「仕方ない!」
酒井がサラシを拾い上げながら沈黙を破った。
「サラシ、4人分買ってくる!」
高らかに宣言した酒井はサラシと服を元どおりに身につけ、控え室を飛び出していった。
「酒井さん、飛び出してっちゃったけど大丈夫かな・・・」
「まぁ、酒井のことだから何とかうまくやってくれるだろ。とりあえず俺はスタッフに撮影の開始時間遅らせるように頼んでくる。」
村上もシャツを拾い上げ、袖を通す。
「てっちゃん!そのカッコじゃ意味ない!」
「あ、そっか・・・」
北山に指摘され、村上は翼が生えて盛り上がった肩をガックリと下げた。
「じゃあ、俺と安岡で頼んでくるよ。俺たちふたりのカッコなら何とか隠し通せそうな気がする。・・・行こう、安岡。」
「おっけ〜。」
黒沢と安岡がシャツに腕を通し、北山も「俺だけハダカってのもヘンだから。」とシャツを羽織る。
身支度を整えた黒沢はダウンジャケットで、安岡はリュックで背中を隠し、控え室を後にする。
季節はずれなダウンジャケットと年甲斐もないリュック・・・何とも不思議な取り合わせだが、背中の膨らみが見えないだけマシである。
ふたりは出版社の担当者の元へ行き、「衣装が届いていないから」などウソの理由を並べ、もうしばらく待ってほしいと頭を下げた。
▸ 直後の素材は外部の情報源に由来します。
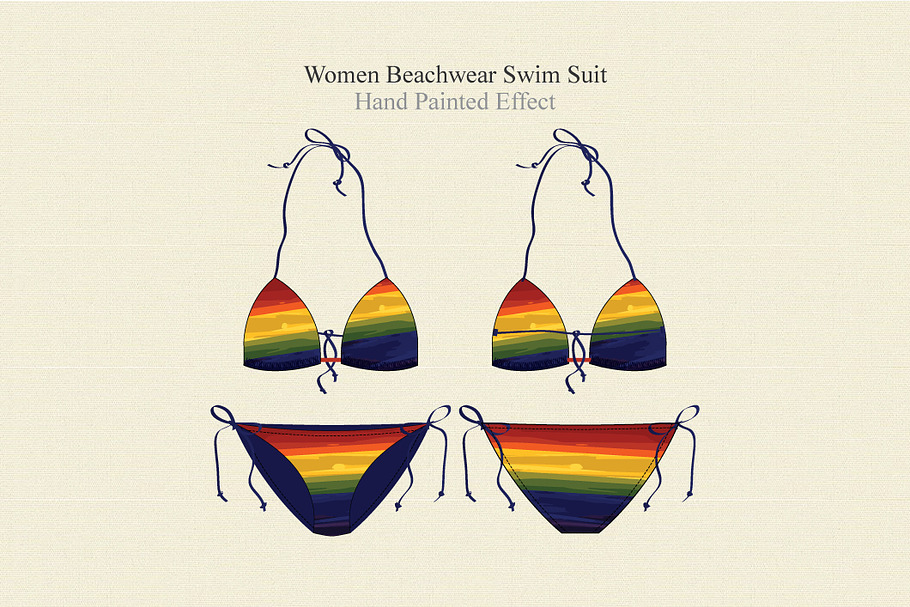 Women Beachwear Swim Suit in Illustrations - product preview 8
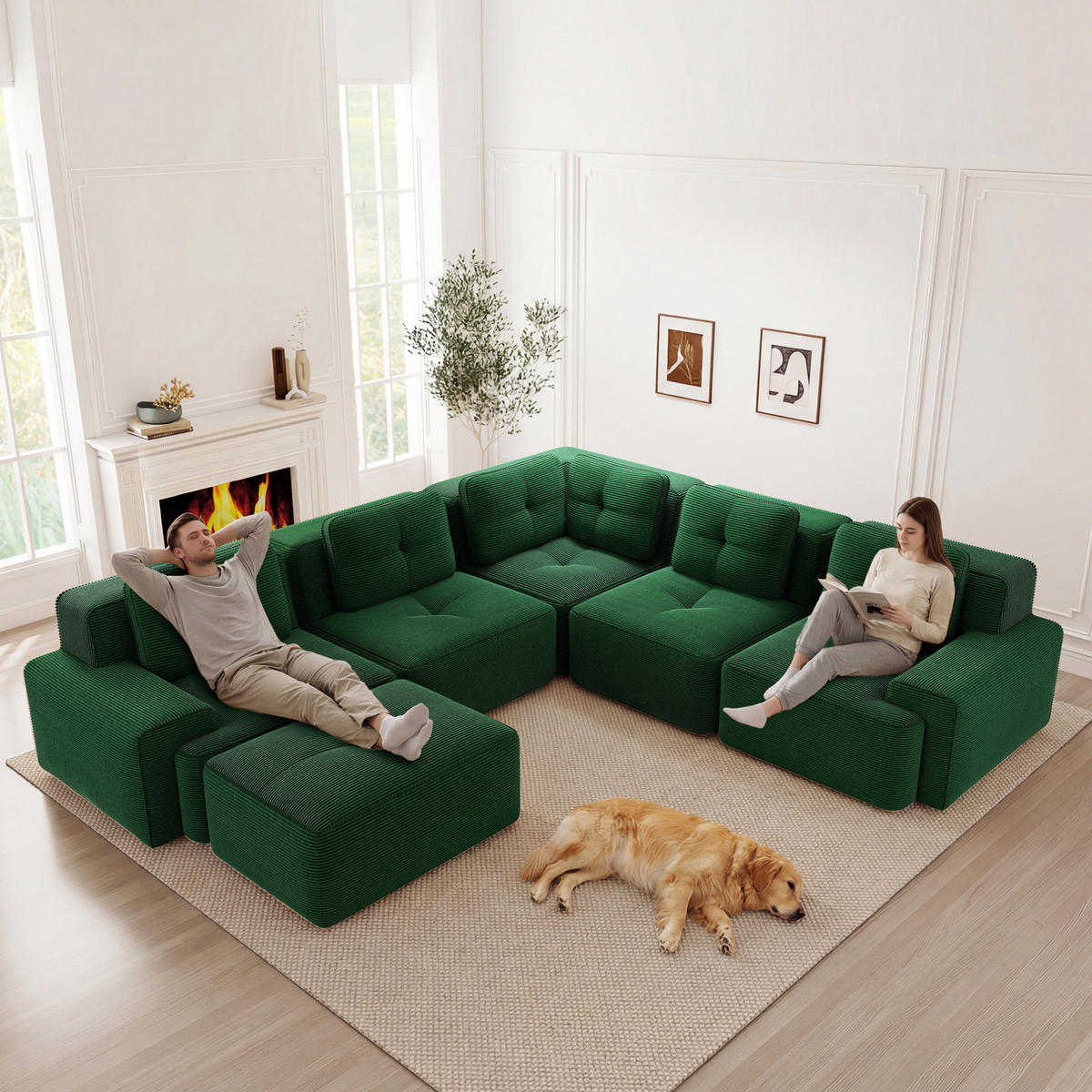 ECKSOFA modular Cord Grün 3-tlg. - Grün, Kunststoff (177/297cm) - Meubliv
理由はウソであったとしても、申し訳ないという気持ちには一切ウソはない。
ウソをついたことに対しても心苦しさが倍増した。
「わかりました。もうしばらく待ってみましょう。では私どもは先に昼食に行ってきますので、戻りましたら撮影開始ということで。」
「どうもすいません!ありがとうございます!」
ふたりで担当者とその他スタッフに頭を下げまくって、控え室に戻った。
「・・・どうだった?」
ふたりが控え室のドアを開けると、北山が不安げに尋ねる。
「何とか遅らせてもらえることになったよ。取材スタッフ、『先に食事に行く』って出てったよ。」
「かっなりキビしいイイワケだったけどね!これでなんとか少し時間稼ぎができるかな?」
「悪ぃな。ヘンなことまかせちまって。」
申し訳なさそうに頭を下げる村上に、ダウンジャケットを脱いだ黒沢が「お前のせいじゃないだろ〜?」と顔を横に振る。
「でも〜・・この羽、消す方法ってないのかなぁ・・・」
背負っていたリュックを下ろした安岡が、頭を抱え、考えを巡らせる。
「たしかに。隠すのもひとつの手だけど、いつまでも隠し通せないよ。」
北山のコトバに、3人は深く頷く。
バン、という激しいドアの音と共に、酒井が控え室へと転がり込んできた。
「酒井!どうしたんだよ?!」
床に倒れて もがく酒井の元に4人が駆け寄る。